Although this model is accurate, the process of shaping people’s collective ethics is not linear. At different points in history, humanity took backward steps and endured periods of stagnation and degradation. Some of the norms accepted not as far back as two hundred years ago are appalling to the modern mind and often cause strong reactions as to what kinds of horrible injustices took place then. This is key to understanding how fluid moral norms are: what may be perceived as appropriate in a specific period of a society may shift entirely if the circumstances change.

There is one reason it is possible to say that there are, indeed, conditions under which it is appropriate to break the law. It is a fact that social norms are exceptionally fluid and highly subjective. They usually reflect their time’s ideals and concepts prevailing the general public’s opinions. Solely because of that, I can say that it is feasible for me to break the law. However, a number of conditions must also be met.

The most important one, in the presence of which it is possible for the author to commit a legal crime, is the fact that doing otherwise would cross my own ethical values. As an example, saving one’s loved one from suffering or death when the law orders to do otherwise cannot be considered a crime as far as the author is concerned. Such instances often occur under authoritarian governments, and therefore, have happened and continue to do so in the present – since totalitarianism is a part of our reality.

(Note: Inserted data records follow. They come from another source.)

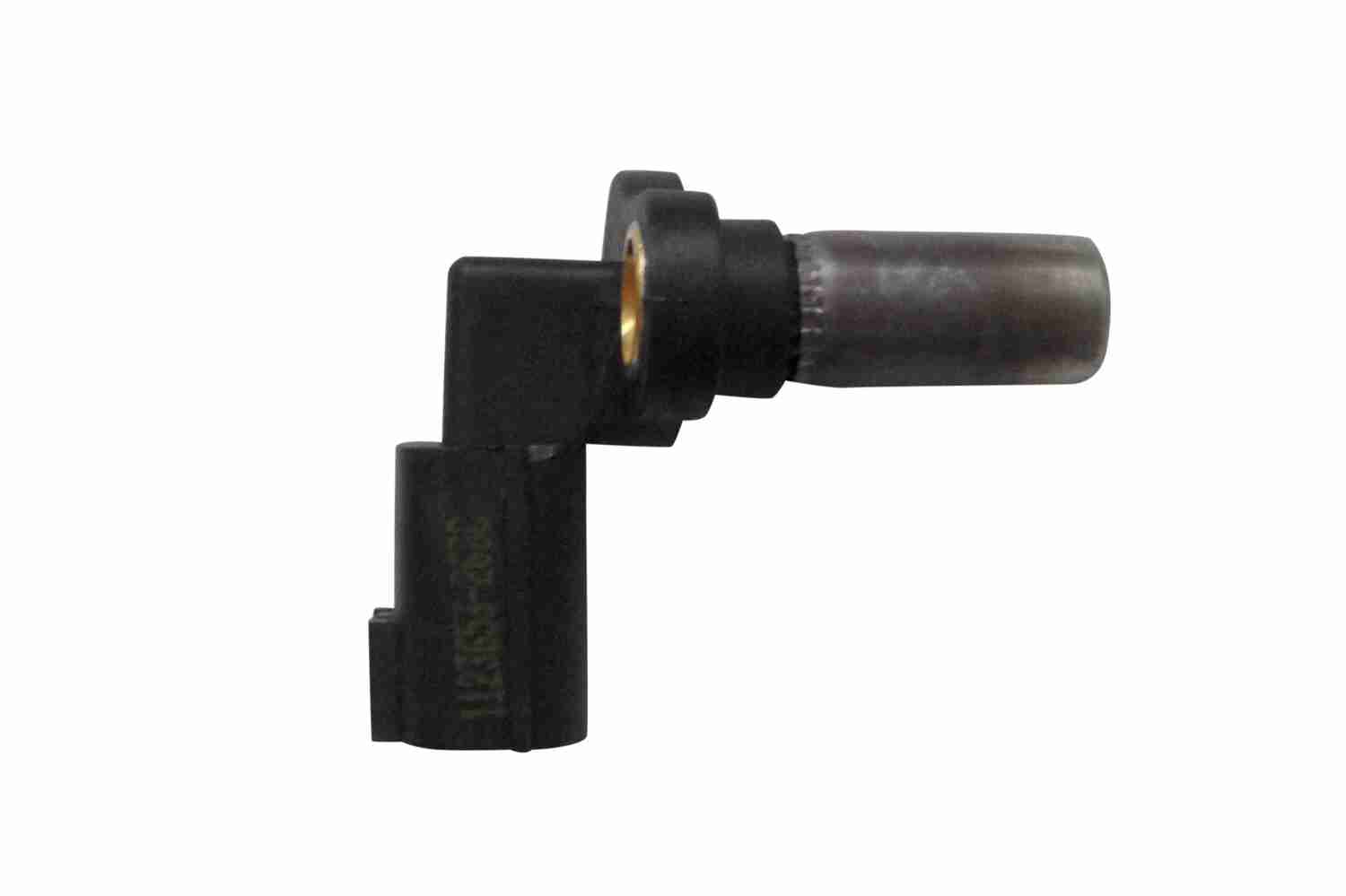 Vemo Krukas positiesensor V38-72-0055
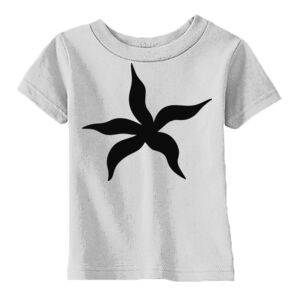 Infant Cotton Jersey Tee Thumbnail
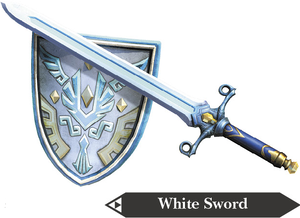HW White Sword art.png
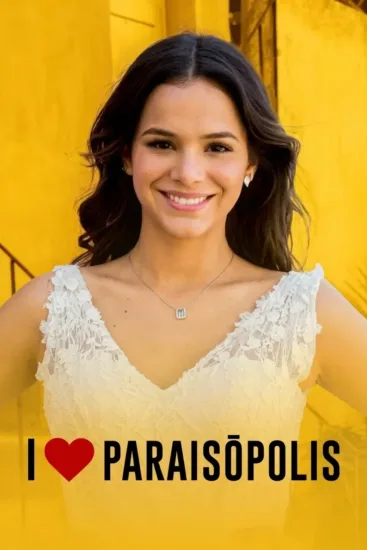 Imagem 1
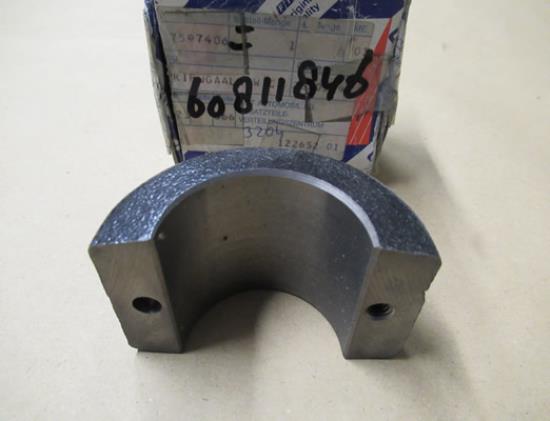 7597406 Centrifugaal gewicht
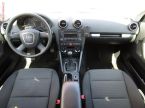 Audi A3 - fotka číslo 7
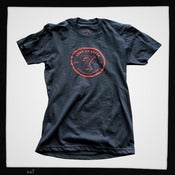Image of The Logo Tee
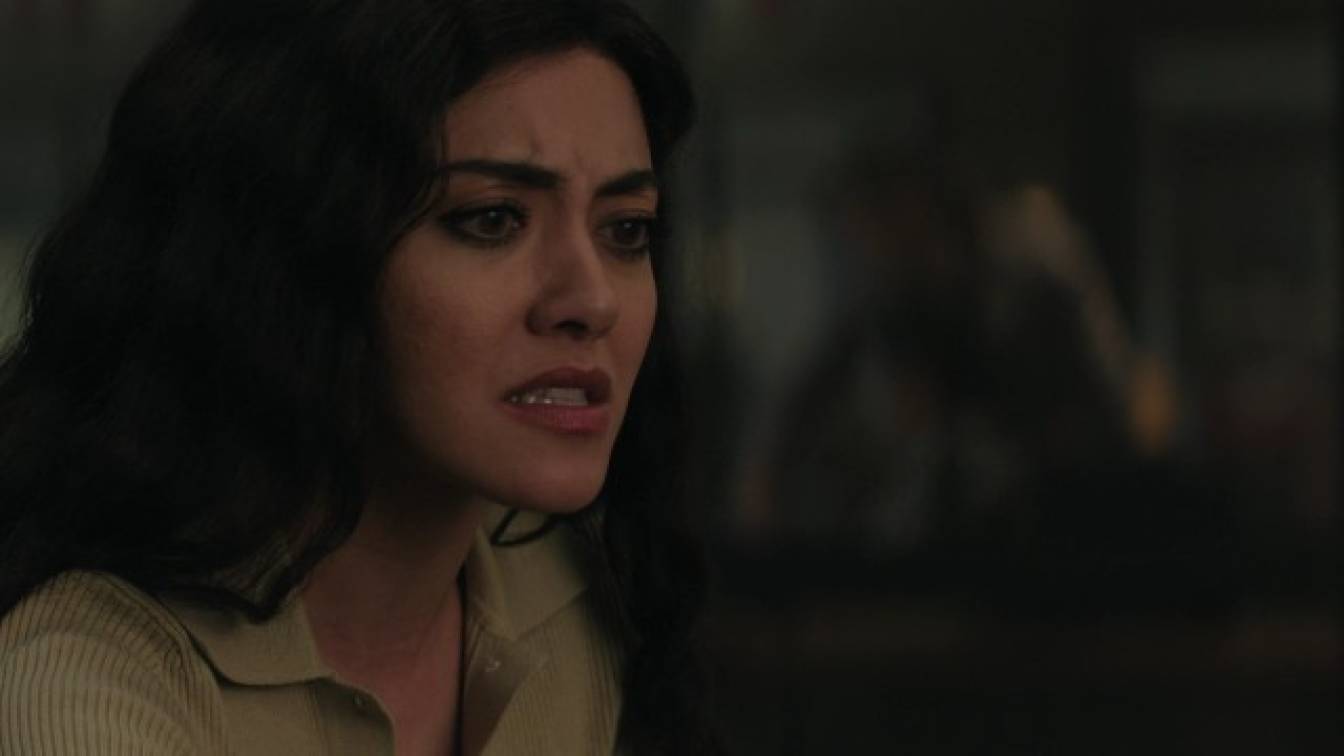 NCIS: Hawaii 3. évad 04. rész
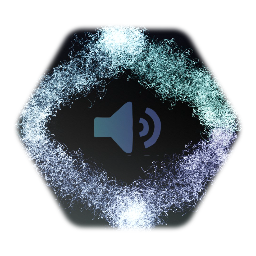 Eating Wendy's Without The Taco Bell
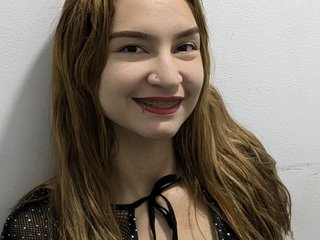 Erotisk videochatt Karin-lopez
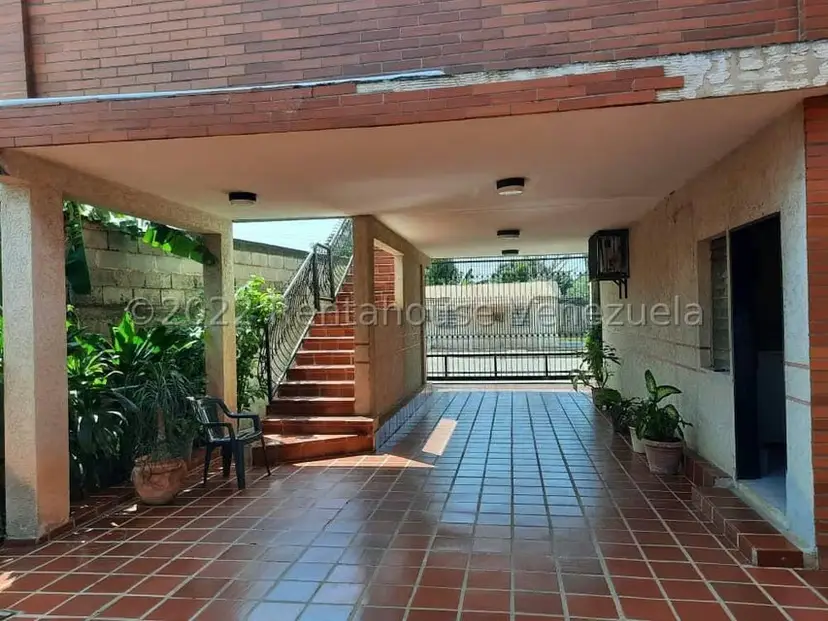 Comercial (Local Comercial) en Venta en Barrio Libertad, Zulia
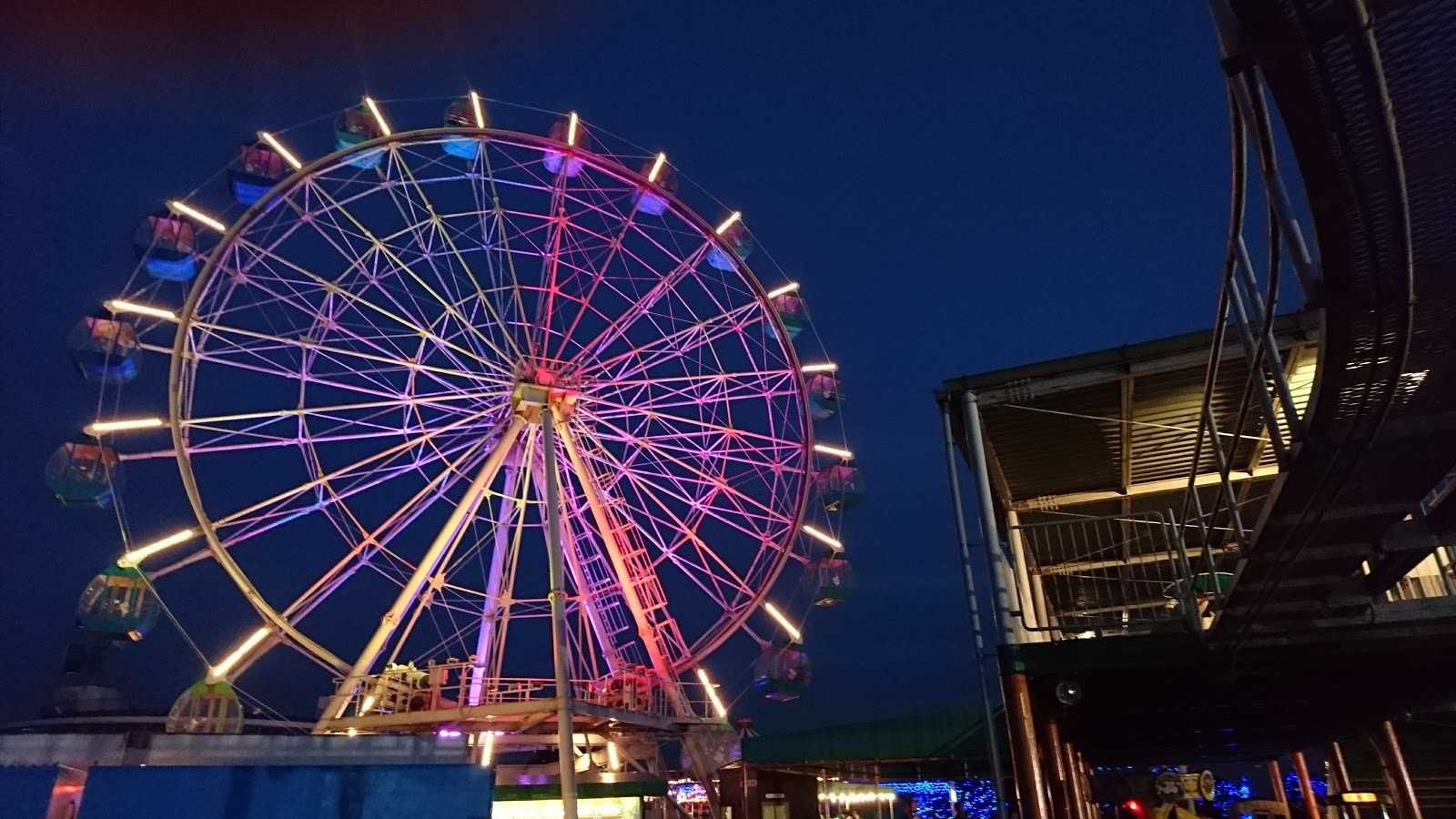 富津市観光協会富津支部 施設詳細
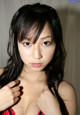 Yui Minami - Bizarre Nylon Sex P4 No.ecfb28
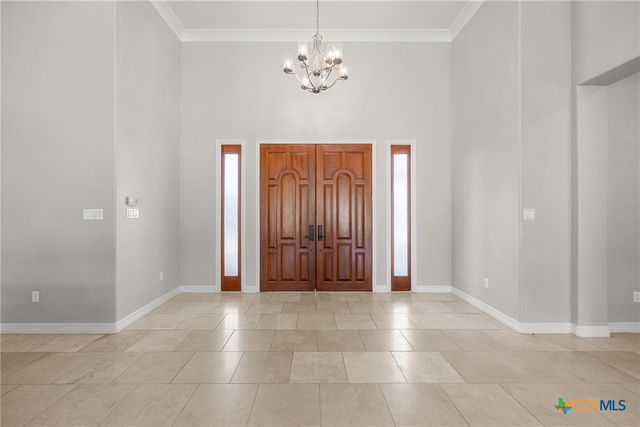 6717 Springwood Court, Temple, TX 76502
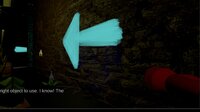 Mind Within screenshot, image №4209806 - RAWG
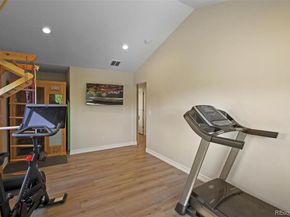 1750 E Noble Place, Centennial CO 80121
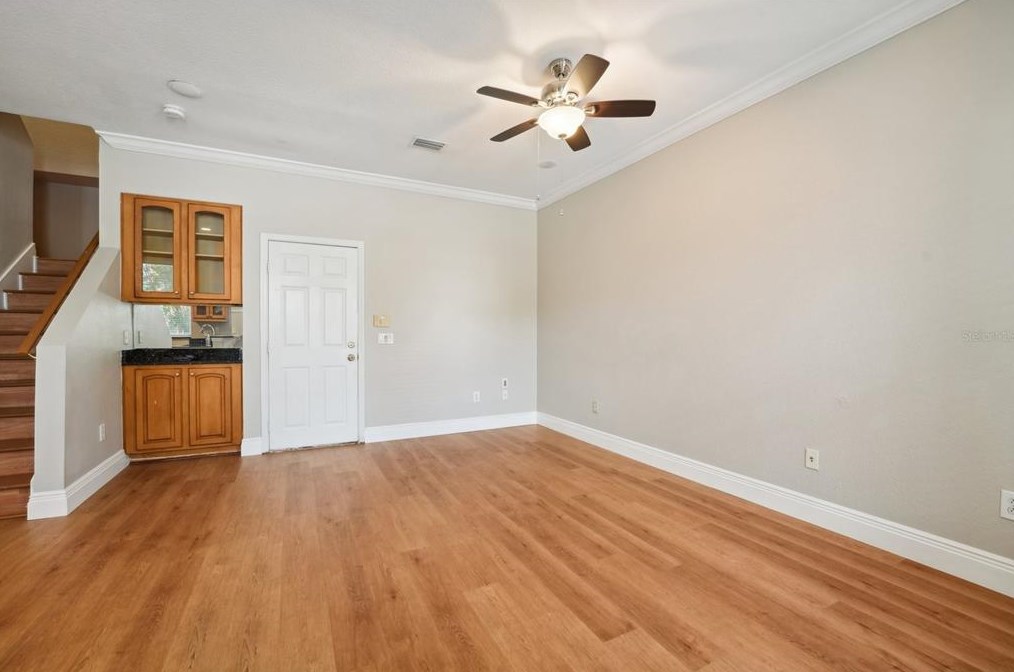 117 Key Haven Ct, Tampa FL 33606-1954 exterior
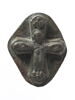 Christ en croix, image 1/4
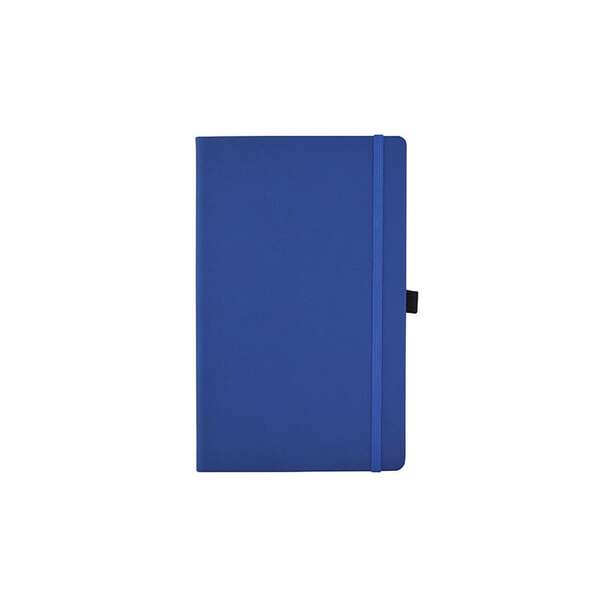 Libreta Pocket Dover 80Hjs Doa-600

These are the circumstances that can lead me to break the law. Humanistic values are revered higher than the institution of direction in my personal worldview. The same thing applies to any live being – whether a human or an animal – it is against my personal values to cause suffering to them. Evidently, in order to break the law, one needs to understand the subjectivity etched into its design: however, it is not enough. The reason for doing so needs to be of exceeding moral quality.

The moral deed that sets the narrative of The Adventures of Huckleberry Finn into motion can serve as a good example. The protagonist understands the values of his time. However, he acts independently of them and, indeed, makes the right decision. One can be sure to notice that his choice has reaffirmed itself via a test of time – as we, the readers, judge his actions with a more progressed worldview. It is seen in his first reaction, “I was ever so glad to see Jim. I wasn’t lonesome now” (Twain 58). Huckleberry acts righteously because his action is driven by his heart, which is non-discriminative, non-judgmental, and not polluted by the ideas of the crippling system in place.

Twain, Mark. The Adventures of Huckleberry Finn . E-ArtNow, 2017. E-ArtNow. Web.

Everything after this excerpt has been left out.